**MATERIAL PROVIDED:**
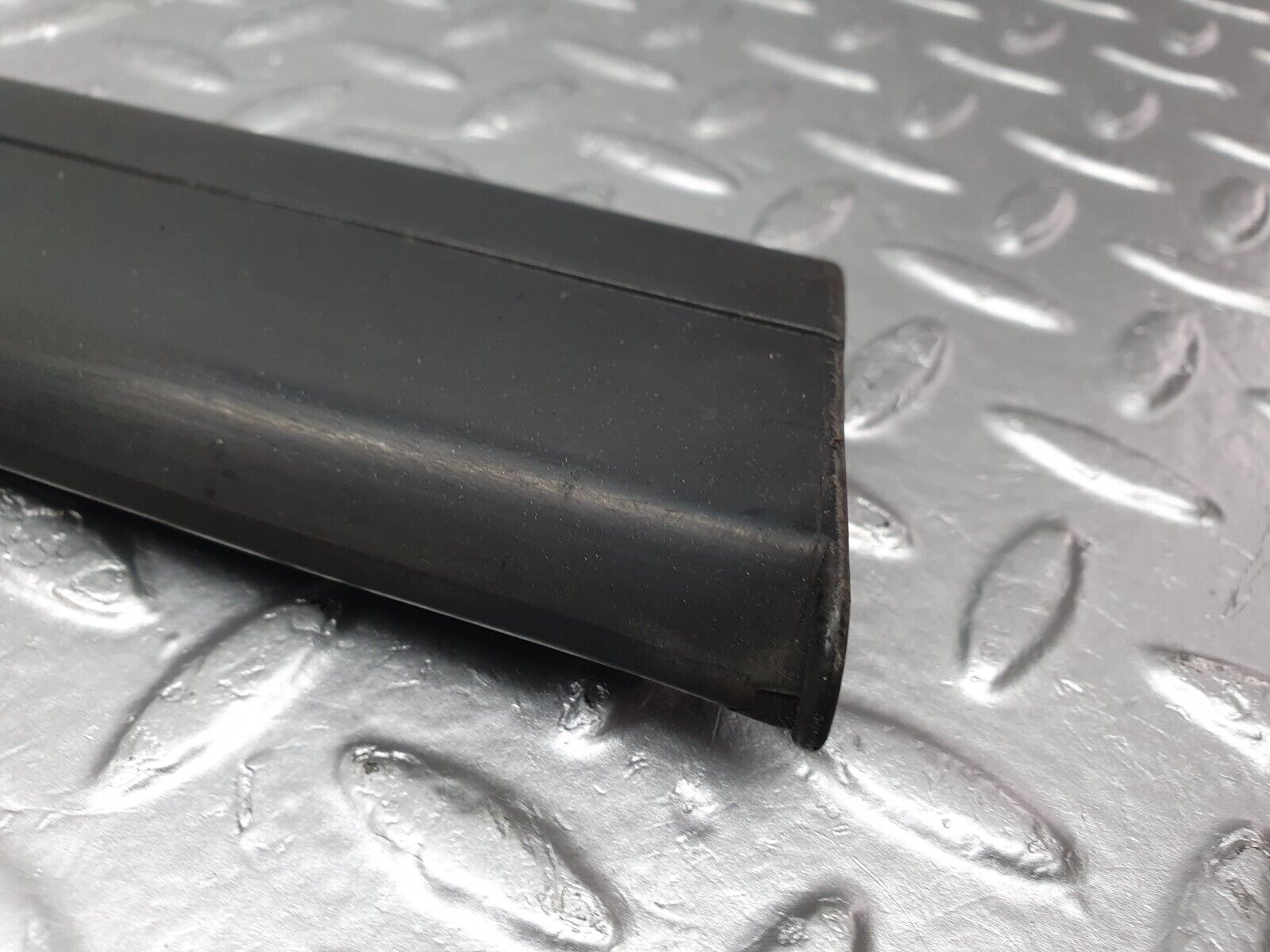 41685 Mercedes-Benz W124 200E Front Left Door Lower Moulding Trim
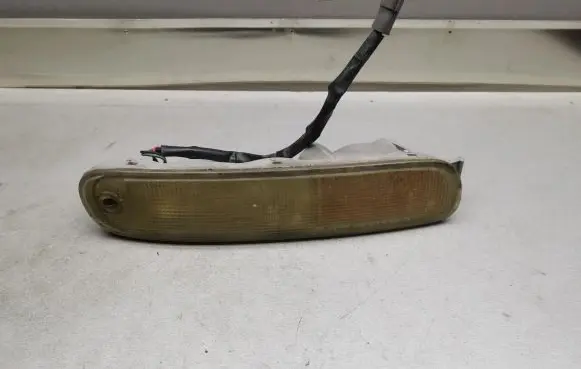 Mazda 323 F Front indicator light 21061703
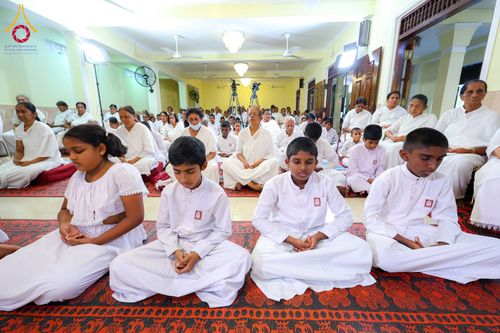 ภาพ No.317793:วันที่ 1 เมษายน พ.ศ. 2569 พิธีสวดธัมมจักกัปปวัตตนสูตรนานาชาติ ในวันพระใหญ่ ขึ้น 15 ค่ำ เดือน 5 (Poya Day)  ณ ศรีธรรมนันทะปิริเวนะ เเละ  วัดวิมลวิหาร นาวละ ประเทศศรีลังกา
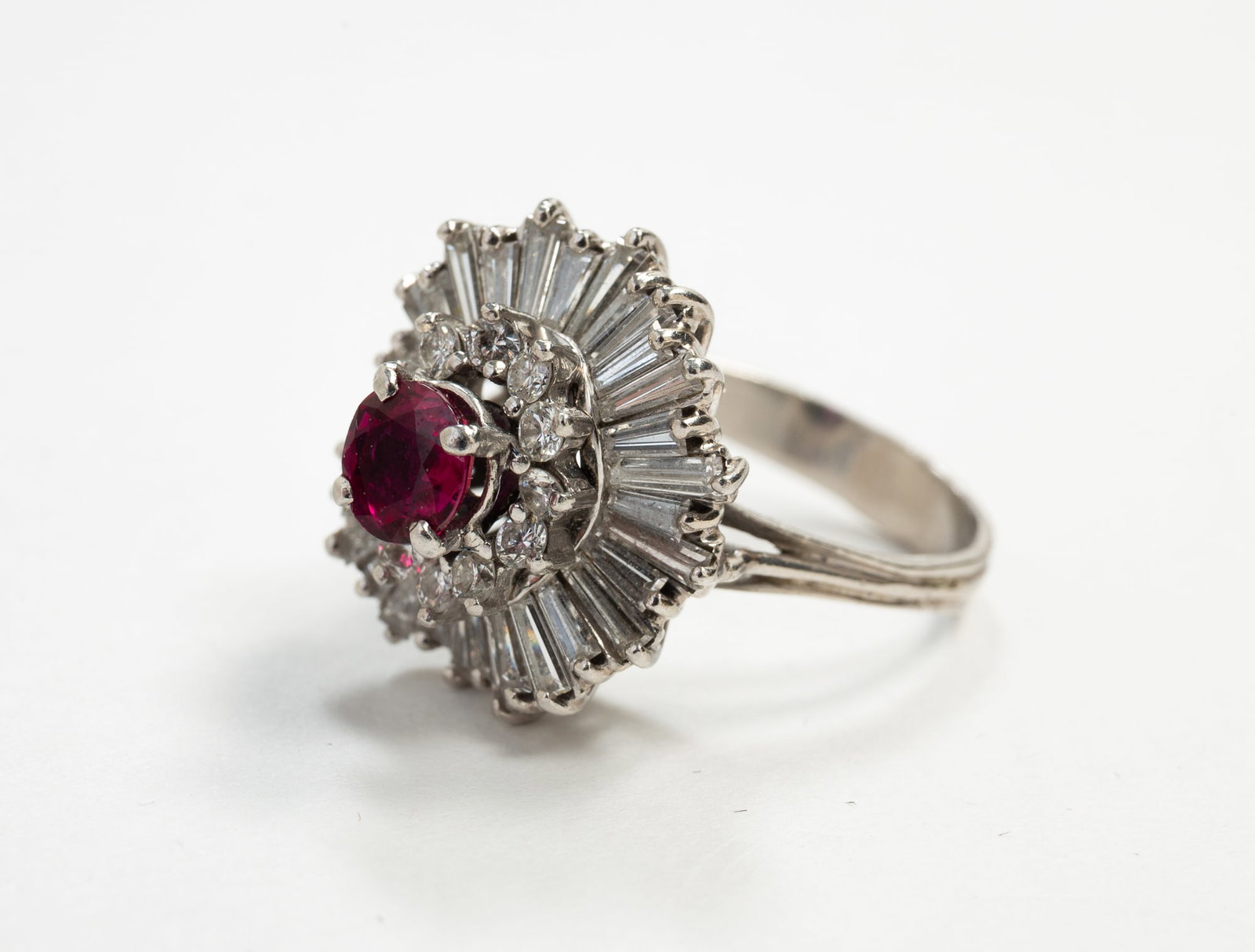 PLATINUM, DIAMOND AND RUBY COCKTAIL RING. - 3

**EXERCISE DETAILS:** None of the pictures should be carried over when the data above is transcribed exactly.

**REPLY:**
 41685 Mercedes-Benz W124 200E Front Left Door Lower Moulding Trim
 Mazda 323 F Front indicator light 21061703
 ภาพ No.317793:วันที่ 1 เมษายน พ.ศ. 2569 พิธีสวดธัมมจักกัปปวัตตนสูตรนานาชาติ ในวันพระใหญ่ ขึ้น 15 ค่ำ เดือน 5 (Poya Day)  ณ ศรีธรรมนันทะปิริเวนะ เเละ  วัดวิมลวิหาร นาวละ ประเทศศรีลังกา
 PLATINUM, DIAMOND AND RUBY COCKTAIL RING. - 3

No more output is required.